Bringing more artists into the Enos Park neighborhood, near the north end of town, is a deliberate effort to connect the emerging neighborhood with emerging and established artists. Dollar said she hopes some artists who come ultimately decide to stay. Thomson says having the large span of time to focus on his artwork has brought about memories. One theme of the evening for all the artists was nostalgia. He talked about one of the pieces he created. It's loosely based on the view he has from his apartment - looking out on the SAA campus, which includes old-growth trees and abstract sculptures. He said it didn't start out that way - but the environment has certainly served as inspiration.
"There's a tree, and that tree is what I looked at everyday - it was old when Abraham Lincoln was young, I found out. The atmosphere here started to trigger all these memories from growing up in Vermont - it all started to come together," said Thomson.
Fellow resident artist, Gene Tanta, also was drawn to memories of his past - notably life in Romania. He's now a resident of Decatur. He said during his time spent in Springfield he made friends in the neighborhood, some of whom he plays ping pong with. Tanta is interested in the intersection of visual art and language. One of his paintings is multi-media, including soy sauce. He said it's based off of a, "Photograph of my sister and I back in Romania in the house that my father built, with the help of some wine and some friends, which we left for Chicago. So you could say that it's sort of nostalgia for my childhood while at the same time I'm concerned with aesthetic formalities." Tanta echoes Thomson, in that the residency in Springfield has brought about a mental shift, and invaluable resources. "It's a time to focus, that a residency provides, and I've felt very grateful for the space and time to make art," said Tanta.
Tying the artwork on the walls together are the ceramics on display in the center of the room, many in hues of bright blue and green. Creator, Ginger Lukas is originally from Milwaukee, though she's lived in other cities, like Madison and Brooklyn. Some of her pieces are ornate and delicate - a candle holder with dozens of tiny hands, for instance. Others are more straightforward. A bag of money. A cup-holder from a fast food restaurant. She talked about a term that she's used to name the collection. "Hauntology is kind of this post-modern theory of having too much. Its defined as this idea of having a nostalgia for lost futures, the things that could have happened to you, but didn't. However I've taken it in this show to mean just having too much stuff around - too much to choose from," said Lukas.
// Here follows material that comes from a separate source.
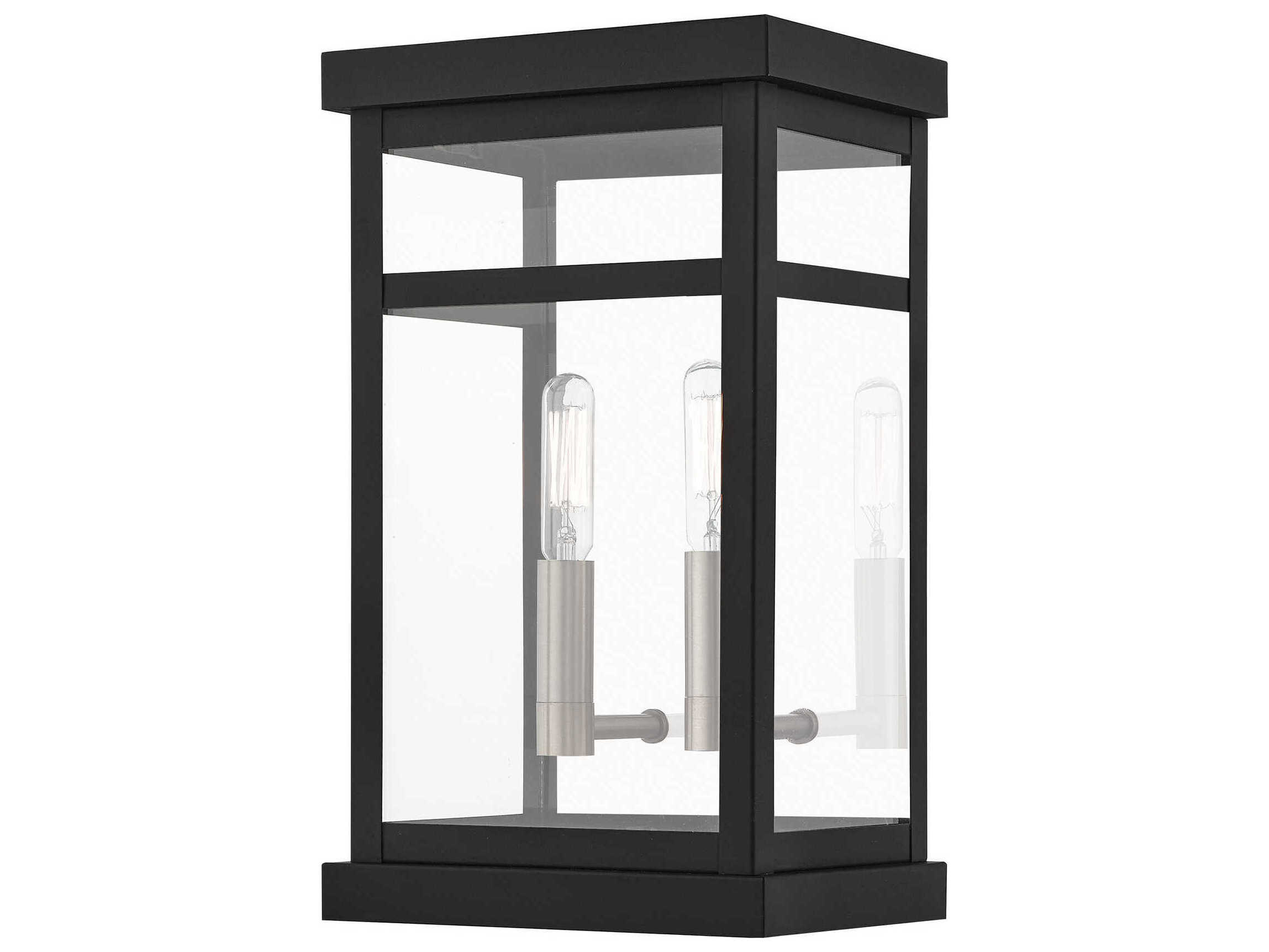 Livex Lighting Hopewell 2 - Light Outdoor Wall Light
Lukas has worked in a variety of conceptual mediums. She has an MFA in ceramics and the SAA's residency program has taken her back to the basics, in a way. "Clay was the first art form. It's basically just fancy mud (and) we can do whatever we want with it," she said.
Expansion to the Springfield Art Association's campus will benefit artists like Lukas. A new ceramics and glass lab is planned. And Lukas is an example of the residency program helping artists establish roots in the city. She's extending her time here to last at least a full year, going into the fall. She said she's inspired by something singer Patti Smith wrote – encouraging artists to forgo the bright lights and potential fame of New York City, in favor of sticking to their hometowns. Springfield is the sort of city that needs dedicated artists, Lukas said. "We need to reverse this brain-drain thing that's happening."
Going forward, the residency program is partnering with the University of Illinois Springfield to host artists and display their work. Which means more artistic collaborations and an ever-changing roster of artistic vision is ahead. Those planning and facilitating hope the efforts prove to Springfield there is value in its artistic scene. Now it's just up to the community to show up.